The 13er generation is a throwback to what Gertrude Stein called the 'Lost Generation.' This is a Reactive generation. It may not appreciate being lumped in with mall rats, drug gangs, and collegians who can't find Chicago on a map -- but they grudgingly admit that's how others see them. A popular 13er putdown is "That's history," translated to mean , "That's irrelevant." Wrong. Previous 'Reactive' generations, especially those of Captain Kidd, Benedict Arnold, William Quantrill, and Al Capone) whose entire life-cycle was spent dodging the criticism and mistrust of others, produced the toughest leaders, most effective warriors, most scathingly perceptive artists, and (of course) most successful entrepreneurs. But so too did many of their members burn out young, turn traitor, endure heaps of blame, and suffer a difficult old age.
That and much more is contained in this vast repository of detailed knowledge concerning our history from a perspective that is at the same time entertaining (a Web Site, http://fourthturning.com, is dedicated to the book and its successor), informative and deeply thoughtful. It is a book that should be on everyone's bookshelf who has a curiosity about America's future. For in reading and understanding such a history of our cyclical past, one can reason toward a semblance of America's future -- if the cycles persist.

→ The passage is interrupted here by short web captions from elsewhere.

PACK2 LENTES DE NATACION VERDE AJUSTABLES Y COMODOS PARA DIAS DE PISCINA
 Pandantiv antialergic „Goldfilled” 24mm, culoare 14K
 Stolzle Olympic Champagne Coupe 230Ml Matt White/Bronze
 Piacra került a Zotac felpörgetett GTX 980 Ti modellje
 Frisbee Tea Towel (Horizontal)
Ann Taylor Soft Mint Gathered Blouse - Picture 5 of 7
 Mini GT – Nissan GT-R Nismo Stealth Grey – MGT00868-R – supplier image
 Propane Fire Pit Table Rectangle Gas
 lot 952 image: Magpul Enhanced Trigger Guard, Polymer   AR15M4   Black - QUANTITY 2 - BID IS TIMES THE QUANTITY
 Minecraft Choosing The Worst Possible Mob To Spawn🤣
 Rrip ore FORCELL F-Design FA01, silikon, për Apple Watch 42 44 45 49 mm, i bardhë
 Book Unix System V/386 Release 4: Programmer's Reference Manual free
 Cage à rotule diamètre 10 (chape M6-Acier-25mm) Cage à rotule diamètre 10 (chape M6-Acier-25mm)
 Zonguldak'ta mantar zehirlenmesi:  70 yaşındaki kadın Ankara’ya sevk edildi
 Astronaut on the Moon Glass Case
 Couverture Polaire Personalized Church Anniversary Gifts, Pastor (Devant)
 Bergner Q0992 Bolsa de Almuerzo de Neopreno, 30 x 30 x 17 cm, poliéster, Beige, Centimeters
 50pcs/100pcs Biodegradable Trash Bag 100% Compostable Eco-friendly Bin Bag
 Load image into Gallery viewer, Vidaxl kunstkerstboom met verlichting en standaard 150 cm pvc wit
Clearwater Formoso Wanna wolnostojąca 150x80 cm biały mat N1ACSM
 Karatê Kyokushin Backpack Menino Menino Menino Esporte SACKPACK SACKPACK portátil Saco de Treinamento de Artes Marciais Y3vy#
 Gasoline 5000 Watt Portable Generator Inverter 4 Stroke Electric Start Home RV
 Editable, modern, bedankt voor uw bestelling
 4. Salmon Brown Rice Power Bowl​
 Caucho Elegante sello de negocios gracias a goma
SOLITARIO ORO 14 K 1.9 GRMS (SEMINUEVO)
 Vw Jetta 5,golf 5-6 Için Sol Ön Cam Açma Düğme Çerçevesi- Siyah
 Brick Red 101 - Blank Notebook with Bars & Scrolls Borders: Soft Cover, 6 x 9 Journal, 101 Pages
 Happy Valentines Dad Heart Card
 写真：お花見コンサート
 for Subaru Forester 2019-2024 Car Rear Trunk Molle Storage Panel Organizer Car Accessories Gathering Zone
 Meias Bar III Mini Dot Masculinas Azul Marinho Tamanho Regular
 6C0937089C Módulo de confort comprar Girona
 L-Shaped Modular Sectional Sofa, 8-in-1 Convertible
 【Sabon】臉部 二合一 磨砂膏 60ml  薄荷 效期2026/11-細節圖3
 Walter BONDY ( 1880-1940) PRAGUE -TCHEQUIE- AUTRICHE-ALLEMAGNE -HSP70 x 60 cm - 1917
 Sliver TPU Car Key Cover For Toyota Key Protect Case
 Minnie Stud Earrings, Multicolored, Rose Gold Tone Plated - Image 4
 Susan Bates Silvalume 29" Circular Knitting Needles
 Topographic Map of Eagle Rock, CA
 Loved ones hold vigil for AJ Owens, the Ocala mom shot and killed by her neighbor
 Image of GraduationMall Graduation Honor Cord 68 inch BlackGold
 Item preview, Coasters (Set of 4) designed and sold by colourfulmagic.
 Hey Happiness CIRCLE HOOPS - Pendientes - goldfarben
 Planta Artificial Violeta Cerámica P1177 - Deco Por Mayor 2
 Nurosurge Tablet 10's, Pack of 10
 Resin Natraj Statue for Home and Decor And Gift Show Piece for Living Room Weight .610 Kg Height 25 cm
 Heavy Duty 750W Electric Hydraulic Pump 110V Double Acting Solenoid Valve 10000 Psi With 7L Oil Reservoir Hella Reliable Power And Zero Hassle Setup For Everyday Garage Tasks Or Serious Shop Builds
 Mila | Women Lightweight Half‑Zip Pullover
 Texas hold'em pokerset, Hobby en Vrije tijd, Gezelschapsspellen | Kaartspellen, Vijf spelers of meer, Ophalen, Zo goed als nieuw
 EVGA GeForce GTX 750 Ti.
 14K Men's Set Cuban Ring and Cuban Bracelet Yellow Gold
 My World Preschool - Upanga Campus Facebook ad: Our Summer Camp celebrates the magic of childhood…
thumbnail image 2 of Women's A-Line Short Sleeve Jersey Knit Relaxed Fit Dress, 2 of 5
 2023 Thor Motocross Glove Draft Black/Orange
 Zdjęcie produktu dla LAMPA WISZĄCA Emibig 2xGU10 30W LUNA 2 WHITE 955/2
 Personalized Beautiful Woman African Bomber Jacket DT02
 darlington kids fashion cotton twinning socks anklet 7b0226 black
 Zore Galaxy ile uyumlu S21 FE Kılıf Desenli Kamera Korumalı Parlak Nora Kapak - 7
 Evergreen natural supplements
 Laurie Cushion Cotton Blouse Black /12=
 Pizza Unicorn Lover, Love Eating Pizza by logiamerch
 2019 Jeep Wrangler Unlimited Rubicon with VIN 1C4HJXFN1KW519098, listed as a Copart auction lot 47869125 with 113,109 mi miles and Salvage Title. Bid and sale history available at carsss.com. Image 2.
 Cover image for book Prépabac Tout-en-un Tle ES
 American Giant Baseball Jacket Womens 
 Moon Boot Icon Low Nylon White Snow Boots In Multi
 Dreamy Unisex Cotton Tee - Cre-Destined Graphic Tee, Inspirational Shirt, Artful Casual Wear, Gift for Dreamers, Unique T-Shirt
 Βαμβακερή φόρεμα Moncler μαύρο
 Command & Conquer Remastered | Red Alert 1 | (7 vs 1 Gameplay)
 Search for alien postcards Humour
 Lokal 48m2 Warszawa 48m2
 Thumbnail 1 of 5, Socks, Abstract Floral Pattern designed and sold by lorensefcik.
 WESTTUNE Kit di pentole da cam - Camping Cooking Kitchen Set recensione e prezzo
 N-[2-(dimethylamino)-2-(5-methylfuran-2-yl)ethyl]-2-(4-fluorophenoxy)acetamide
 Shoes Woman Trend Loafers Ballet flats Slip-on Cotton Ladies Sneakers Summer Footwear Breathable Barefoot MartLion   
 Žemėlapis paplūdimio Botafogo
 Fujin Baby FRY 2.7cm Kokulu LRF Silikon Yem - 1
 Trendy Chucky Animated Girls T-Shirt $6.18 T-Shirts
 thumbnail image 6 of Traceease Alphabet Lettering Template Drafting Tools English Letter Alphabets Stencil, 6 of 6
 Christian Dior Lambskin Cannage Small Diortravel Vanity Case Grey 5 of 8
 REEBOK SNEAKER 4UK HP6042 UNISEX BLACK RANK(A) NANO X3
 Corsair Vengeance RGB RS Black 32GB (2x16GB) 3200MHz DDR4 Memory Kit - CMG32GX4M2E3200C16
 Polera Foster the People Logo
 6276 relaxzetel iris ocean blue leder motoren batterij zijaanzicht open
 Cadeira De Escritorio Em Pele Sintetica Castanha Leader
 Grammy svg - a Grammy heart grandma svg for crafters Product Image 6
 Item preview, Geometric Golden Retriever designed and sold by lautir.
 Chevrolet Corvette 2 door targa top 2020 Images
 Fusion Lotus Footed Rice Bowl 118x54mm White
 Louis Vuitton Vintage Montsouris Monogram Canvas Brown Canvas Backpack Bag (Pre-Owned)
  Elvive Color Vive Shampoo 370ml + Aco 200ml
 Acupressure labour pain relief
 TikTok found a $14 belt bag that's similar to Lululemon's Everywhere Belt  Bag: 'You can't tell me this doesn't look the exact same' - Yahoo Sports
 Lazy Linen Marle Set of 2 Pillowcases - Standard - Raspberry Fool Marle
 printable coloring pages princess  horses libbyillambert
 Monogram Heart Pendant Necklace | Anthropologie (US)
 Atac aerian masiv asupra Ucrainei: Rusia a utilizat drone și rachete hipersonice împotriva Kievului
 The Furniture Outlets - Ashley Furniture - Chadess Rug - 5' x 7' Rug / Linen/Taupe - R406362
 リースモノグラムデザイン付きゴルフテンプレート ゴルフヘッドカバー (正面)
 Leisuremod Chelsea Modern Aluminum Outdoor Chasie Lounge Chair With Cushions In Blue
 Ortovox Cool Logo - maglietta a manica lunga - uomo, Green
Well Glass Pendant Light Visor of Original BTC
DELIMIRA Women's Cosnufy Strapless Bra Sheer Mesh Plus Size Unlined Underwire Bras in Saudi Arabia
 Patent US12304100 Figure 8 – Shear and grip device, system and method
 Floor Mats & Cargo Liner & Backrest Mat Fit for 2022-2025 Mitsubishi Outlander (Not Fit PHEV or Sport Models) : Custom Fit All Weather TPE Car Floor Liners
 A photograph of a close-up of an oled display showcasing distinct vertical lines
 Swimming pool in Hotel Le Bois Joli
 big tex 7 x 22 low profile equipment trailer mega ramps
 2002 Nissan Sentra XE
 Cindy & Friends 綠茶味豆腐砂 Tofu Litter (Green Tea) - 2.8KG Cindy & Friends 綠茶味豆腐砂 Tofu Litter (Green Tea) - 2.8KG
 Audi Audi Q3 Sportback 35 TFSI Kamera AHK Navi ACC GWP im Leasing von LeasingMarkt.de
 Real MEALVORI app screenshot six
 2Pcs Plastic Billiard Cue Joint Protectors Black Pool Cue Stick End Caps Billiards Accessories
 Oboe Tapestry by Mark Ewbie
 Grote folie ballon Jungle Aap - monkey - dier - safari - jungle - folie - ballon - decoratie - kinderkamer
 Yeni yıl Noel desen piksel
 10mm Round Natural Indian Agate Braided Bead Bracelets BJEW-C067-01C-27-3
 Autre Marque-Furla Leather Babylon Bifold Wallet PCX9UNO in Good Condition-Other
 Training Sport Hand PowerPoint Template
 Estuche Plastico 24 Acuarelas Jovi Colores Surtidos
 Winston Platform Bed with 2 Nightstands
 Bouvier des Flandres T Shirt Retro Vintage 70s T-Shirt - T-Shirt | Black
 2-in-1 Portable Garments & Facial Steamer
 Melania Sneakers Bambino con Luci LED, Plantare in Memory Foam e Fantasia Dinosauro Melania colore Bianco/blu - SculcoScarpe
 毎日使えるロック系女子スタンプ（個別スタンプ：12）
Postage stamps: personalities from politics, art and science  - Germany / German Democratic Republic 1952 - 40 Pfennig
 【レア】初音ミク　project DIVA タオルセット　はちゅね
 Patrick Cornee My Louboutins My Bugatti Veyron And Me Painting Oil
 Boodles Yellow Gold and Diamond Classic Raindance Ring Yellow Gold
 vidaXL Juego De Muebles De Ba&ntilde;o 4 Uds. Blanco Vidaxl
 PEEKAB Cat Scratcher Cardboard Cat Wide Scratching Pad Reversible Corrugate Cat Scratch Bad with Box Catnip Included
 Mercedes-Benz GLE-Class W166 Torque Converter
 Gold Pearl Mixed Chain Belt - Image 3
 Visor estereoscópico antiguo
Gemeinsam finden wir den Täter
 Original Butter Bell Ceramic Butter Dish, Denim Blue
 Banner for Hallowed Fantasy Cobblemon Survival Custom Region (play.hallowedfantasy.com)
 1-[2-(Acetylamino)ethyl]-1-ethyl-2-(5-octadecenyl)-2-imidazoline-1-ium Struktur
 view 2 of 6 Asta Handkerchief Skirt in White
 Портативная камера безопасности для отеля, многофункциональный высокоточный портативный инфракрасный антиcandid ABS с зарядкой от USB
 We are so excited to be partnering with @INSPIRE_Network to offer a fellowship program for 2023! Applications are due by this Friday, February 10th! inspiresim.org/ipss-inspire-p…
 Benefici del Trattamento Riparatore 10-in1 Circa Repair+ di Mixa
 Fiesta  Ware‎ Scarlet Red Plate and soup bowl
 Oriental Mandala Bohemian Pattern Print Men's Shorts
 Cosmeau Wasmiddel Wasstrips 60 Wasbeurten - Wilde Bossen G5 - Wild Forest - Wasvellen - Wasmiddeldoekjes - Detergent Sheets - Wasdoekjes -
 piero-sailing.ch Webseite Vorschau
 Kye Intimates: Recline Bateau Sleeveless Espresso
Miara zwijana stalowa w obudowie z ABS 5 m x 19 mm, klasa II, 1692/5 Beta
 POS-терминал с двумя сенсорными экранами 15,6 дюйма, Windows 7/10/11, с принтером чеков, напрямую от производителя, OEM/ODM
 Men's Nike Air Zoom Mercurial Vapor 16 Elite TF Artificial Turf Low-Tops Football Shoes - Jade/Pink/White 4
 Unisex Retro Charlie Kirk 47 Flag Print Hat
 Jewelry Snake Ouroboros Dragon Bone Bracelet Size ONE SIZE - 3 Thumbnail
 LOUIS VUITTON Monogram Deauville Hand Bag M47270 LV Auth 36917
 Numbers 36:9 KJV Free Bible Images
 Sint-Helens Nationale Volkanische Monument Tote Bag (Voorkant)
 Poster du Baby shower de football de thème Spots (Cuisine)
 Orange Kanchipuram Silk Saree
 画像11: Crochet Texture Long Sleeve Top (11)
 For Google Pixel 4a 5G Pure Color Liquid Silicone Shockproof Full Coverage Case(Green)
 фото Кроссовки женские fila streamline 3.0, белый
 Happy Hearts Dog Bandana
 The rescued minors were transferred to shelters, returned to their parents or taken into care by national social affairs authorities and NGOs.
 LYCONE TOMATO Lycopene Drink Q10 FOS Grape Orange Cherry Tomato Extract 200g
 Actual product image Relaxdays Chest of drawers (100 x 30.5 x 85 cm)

And if one is conversant with Chaos Theory, one can contemplate the subjective events which comprise the 'constant of complexity' and the direction of our unique system of government. And the impact of this direction on American civilization. The book fits well into the realm of the science of surprise -- that is, the science of unintended consequences. All of us should be aware of this book; politicians, teachers, clergy, businessmen, military leaders and all others who have a leadership role in our American civilization. It is manna for the rest of us as well.